It all started out as a case of insomnia. Or rather, a rare case of me waking up at 6:30am on a Sunday for no good reason. I had no plans, so I started gathering my gear. Since I was heading out by myself, I decided to try something unconventional. I grabbed my sword rods, sword tackle, sword squid, and… what’s that leaning in the corner? The electric deep-drop rod. Yep, it’s time to test it out. I haven’t attempted a ‘real’ deep-dropping adventure just because, well… it’s a lot of work, I had no clue what I was doing or where to go, and it’s boring to everyone else but me.

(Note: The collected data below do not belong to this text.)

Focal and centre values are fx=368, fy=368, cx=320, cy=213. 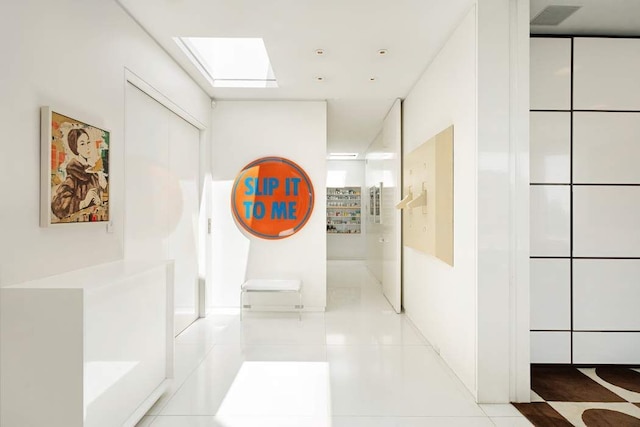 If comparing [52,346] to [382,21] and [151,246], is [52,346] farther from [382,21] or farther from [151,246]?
[382,21]

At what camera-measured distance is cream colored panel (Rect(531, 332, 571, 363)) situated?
3.01m

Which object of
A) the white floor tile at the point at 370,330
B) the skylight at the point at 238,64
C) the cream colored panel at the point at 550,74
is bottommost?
the white floor tile at the point at 370,330

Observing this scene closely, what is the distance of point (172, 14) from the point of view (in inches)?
Result: 107

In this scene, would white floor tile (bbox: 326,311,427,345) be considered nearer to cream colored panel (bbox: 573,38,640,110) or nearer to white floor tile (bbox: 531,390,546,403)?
white floor tile (bbox: 531,390,546,403)

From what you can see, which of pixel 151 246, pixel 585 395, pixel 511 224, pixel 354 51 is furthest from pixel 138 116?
pixel 585 395

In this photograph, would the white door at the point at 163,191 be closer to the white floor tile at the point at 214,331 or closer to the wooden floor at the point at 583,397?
the white floor tile at the point at 214,331

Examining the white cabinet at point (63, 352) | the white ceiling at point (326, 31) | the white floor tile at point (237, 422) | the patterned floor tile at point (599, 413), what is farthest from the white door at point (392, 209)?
the white cabinet at point (63, 352)

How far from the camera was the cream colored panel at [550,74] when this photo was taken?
300cm

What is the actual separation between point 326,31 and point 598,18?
2093mm

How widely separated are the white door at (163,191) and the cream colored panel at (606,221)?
11.6 ft

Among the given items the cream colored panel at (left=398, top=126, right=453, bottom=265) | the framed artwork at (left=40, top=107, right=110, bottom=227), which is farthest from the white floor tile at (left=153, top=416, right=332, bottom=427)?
the cream colored panel at (left=398, top=126, right=453, bottom=265)

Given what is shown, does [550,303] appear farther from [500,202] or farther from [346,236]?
[346,236]

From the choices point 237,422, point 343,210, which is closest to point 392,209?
point 237,422

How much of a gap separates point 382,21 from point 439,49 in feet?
2.49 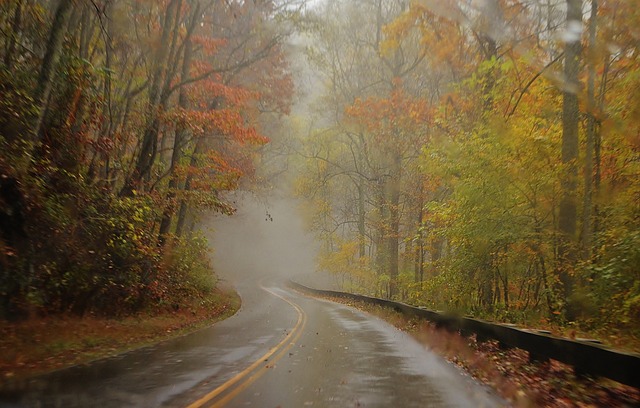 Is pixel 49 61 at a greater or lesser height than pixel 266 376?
greater

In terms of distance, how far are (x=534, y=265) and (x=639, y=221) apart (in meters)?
5.05

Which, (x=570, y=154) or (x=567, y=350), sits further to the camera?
(x=570, y=154)

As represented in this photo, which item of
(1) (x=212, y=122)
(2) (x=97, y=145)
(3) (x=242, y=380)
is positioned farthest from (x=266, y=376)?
(1) (x=212, y=122)

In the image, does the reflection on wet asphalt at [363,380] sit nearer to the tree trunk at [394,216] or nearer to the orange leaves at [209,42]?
the orange leaves at [209,42]

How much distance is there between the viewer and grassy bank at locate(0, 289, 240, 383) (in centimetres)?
792

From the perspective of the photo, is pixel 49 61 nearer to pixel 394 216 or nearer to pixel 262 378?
pixel 262 378

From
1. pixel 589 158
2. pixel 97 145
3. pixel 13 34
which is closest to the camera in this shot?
pixel 13 34

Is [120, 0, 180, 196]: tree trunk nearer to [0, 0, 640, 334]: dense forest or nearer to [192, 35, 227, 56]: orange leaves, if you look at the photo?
[0, 0, 640, 334]: dense forest

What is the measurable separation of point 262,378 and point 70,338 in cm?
486

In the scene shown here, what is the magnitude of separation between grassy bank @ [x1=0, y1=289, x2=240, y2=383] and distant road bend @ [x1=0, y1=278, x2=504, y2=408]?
61 cm

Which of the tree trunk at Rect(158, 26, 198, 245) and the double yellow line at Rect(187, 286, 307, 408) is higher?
the tree trunk at Rect(158, 26, 198, 245)

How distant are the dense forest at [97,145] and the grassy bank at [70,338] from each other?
1.71 feet

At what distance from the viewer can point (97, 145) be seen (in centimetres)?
1277

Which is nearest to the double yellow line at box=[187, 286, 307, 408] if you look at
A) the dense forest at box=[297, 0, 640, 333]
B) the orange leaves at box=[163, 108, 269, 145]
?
the dense forest at box=[297, 0, 640, 333] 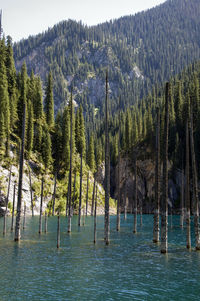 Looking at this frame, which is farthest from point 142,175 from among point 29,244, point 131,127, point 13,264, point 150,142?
point 13,264

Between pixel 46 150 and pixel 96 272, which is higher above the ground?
pixel 46 150

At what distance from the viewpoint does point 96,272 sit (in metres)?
23.2

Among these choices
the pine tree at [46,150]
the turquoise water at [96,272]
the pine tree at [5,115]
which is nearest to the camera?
the turquoise water at [96,272]

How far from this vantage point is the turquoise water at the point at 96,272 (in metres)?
18.1

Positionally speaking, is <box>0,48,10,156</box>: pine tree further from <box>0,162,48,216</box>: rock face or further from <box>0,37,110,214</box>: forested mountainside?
<box>0,162,48,216</box>: rock face

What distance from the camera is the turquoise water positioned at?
18.1 m

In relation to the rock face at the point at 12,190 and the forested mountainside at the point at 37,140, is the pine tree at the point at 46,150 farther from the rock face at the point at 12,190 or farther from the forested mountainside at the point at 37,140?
the rock face at the point at 12,190

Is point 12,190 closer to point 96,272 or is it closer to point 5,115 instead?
point 5,115

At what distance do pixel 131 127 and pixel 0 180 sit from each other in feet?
247

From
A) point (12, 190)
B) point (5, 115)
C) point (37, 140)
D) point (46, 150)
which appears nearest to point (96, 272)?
point (12, 190)

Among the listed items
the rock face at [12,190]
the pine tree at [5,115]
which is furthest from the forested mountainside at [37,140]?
the rock face at [12,190]

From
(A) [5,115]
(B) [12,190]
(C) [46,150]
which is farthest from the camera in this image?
(C) [46,150]

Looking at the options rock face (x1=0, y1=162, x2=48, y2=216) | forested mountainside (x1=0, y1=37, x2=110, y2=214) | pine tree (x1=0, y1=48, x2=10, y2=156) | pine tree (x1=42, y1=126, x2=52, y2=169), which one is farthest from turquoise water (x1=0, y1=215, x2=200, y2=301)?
pine tree (x1=42, y1=126, x2=52, y2=169)

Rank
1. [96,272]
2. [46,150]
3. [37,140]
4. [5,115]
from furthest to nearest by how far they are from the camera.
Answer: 1. [37,140]
2. [46,150]
3. [5,115]
4. [96,272] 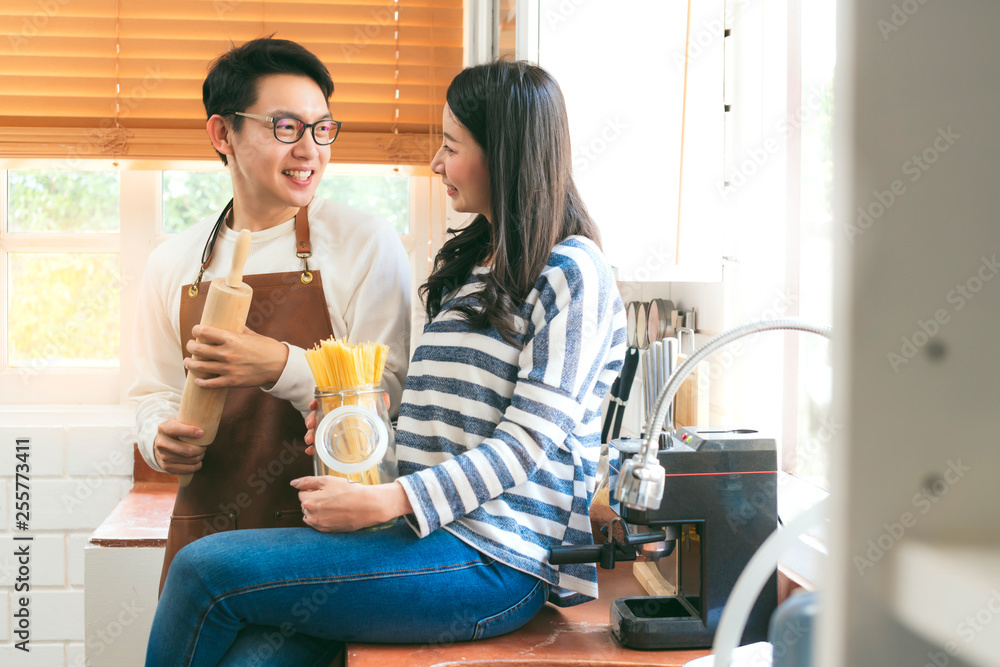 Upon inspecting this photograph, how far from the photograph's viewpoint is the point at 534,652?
3.18ft

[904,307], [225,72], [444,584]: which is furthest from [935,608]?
[225,72]

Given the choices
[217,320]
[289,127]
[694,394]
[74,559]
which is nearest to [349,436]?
[217,320]

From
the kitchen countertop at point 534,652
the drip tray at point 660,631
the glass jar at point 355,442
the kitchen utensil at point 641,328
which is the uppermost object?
the kitchen utensil at point 641,328

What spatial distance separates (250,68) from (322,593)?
0.92m

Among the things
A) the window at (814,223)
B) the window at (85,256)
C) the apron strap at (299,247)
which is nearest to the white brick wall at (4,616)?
the window at (85,256)

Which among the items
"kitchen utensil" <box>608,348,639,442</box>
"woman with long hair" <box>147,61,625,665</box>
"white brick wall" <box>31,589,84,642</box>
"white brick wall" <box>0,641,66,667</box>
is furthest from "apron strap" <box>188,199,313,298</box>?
"white brick wall" <box>0,641,66,667</box>

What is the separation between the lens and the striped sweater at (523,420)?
3.11ft

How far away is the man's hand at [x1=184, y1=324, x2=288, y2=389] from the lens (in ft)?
3.84

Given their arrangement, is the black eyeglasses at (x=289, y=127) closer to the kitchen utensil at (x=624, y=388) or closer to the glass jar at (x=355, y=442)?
the glass jar at (x=355, y=442)

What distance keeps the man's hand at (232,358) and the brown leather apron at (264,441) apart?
4.5 inches

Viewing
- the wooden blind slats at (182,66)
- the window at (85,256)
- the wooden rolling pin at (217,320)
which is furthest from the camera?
the window at (85,256)

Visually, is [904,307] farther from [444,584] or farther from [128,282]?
[128,282]

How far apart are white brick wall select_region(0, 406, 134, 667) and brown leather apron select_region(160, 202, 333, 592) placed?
1.04m

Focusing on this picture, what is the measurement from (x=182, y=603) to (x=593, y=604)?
1.92 ft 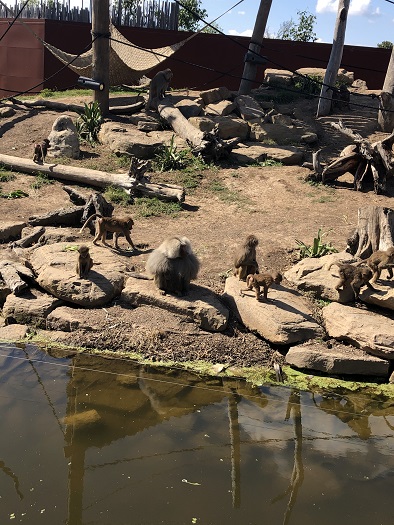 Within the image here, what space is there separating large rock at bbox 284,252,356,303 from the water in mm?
1876

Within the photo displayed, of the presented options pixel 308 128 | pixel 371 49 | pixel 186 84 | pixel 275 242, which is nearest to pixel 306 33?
pixel 371 49

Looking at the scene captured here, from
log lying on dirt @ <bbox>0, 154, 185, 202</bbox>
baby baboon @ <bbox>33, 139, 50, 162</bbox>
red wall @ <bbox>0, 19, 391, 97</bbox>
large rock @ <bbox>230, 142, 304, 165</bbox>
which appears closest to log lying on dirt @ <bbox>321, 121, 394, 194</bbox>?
large rock @ <bbox>230, 142, 304, 165</bbox>

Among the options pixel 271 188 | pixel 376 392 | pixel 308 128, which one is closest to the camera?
pixel 376 392

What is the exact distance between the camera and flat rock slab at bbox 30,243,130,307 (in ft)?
28.8

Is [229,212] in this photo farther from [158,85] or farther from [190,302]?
[158,85]

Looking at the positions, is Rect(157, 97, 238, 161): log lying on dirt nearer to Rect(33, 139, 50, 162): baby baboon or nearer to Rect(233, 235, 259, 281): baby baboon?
Rect(33, 139, 50, 162): baby baboon

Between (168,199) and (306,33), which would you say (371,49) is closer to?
(306,33)

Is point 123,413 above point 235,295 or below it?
below

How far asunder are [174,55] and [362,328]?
17.9 m

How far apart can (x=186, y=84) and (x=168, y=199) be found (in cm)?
1240

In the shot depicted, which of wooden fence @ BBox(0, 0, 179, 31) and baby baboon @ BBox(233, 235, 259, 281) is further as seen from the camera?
wooden fence @ BBox(0, 0, 179, 31)

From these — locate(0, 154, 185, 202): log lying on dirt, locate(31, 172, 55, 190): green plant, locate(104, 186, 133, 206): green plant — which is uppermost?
locate(0, 154, 185, 202): log lying on dirt

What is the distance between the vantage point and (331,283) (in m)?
9.12

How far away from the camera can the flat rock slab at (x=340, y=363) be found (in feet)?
25.9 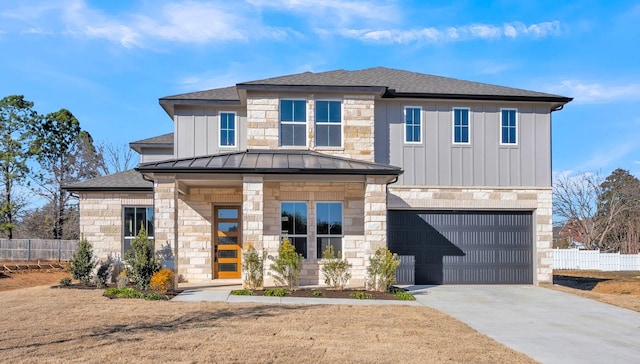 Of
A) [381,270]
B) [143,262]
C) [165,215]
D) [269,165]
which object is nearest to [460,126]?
[381,270]

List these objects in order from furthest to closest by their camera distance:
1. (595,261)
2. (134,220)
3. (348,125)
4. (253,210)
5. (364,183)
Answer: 1. (595,261)
2. (134,220)
3. (348,125)
4. (364,183)
5. (253,210)

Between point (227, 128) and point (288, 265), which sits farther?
point (227, 128)

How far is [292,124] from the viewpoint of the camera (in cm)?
1733

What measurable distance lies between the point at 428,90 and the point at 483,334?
988 cm

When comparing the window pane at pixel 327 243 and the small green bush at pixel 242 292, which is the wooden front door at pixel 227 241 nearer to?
the window pane at pixel 327 243

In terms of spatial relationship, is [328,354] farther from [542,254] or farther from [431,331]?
[542,254]

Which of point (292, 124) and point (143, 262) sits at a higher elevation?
point (292, 124)

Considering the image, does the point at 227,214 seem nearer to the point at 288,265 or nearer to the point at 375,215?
the point at 288,265

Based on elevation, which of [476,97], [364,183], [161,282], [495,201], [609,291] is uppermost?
[476,97]

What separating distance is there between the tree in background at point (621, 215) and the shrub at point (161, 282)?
32.3 metres

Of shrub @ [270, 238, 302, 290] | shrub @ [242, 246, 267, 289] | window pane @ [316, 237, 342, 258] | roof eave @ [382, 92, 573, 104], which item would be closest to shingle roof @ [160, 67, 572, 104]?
roof eave @ [382, 92, 573, 104]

Cleared Boynton inlet at 9am. Seas were a little bumpy running at 25kts on my 21ft Sailfish, but tolerable. And for those of you that know me well… YES, I yelled Yee-Haw! each time I “dried the prop”. (where’s a camera chase-boat when you need one?) An hour and a half later, I arrived at my destination, 20-something NM SSE of Boynton inlet.
Now, if y’all had been paying attention, ya might have noticed the few times I mentioned “sword” in that first paragraph… Yep, my goal was to try to catch a daytime swordfish. There’s only ONE other person I know that would even consider wasting time with this optimistic endevour… and his cell phone went directly to a FULL voicemail inbox. a’hem
Before you think I’m totally wacko, I did have some ballyhoo and trolling feathers ready to deploy. But, the run out to the sword grounds was clean. Really clean. Not a speck of sargasso, debris, party balloons… nothin. The seas were still choppy enough to hide the rips too. Heard several other folks on the horn reporting only a scattered weed line out 26nm… and nothing under it. So I set up my drift. Shot a super-squid, tri-color LP, and 3-1/2 pounds of lead south from my bent-butt Tiagra 50w in 1300ft. (using 130lb hollowcore braid) 3.2kt Gulfstream current, engine at idle forward, pointed south, and 3/4 of the spool out… no bottom. Set the drag, put out a 50ft deep squid on a balloon, and a ballyhoo flatlined from a spinner, and waited 1/2 an hour. Yeah, I was hoping for a stray mahi too.
Reel up the deep bait. (it takes about a song and a half on the radio to bring it up) Perfect condition. So I dropped it again, as fast as it would go, with the boat idling into the current. Still no slack in 1200ft. Let it drift for another 20 minutes. Then decided to go shallow to increase my odds of “touchdown”. Went in to (bleep)ft of water. Nearing noon, the seas and winds were calming down quite a bit, which meant the drift would be slower with less “jig” from boat motion.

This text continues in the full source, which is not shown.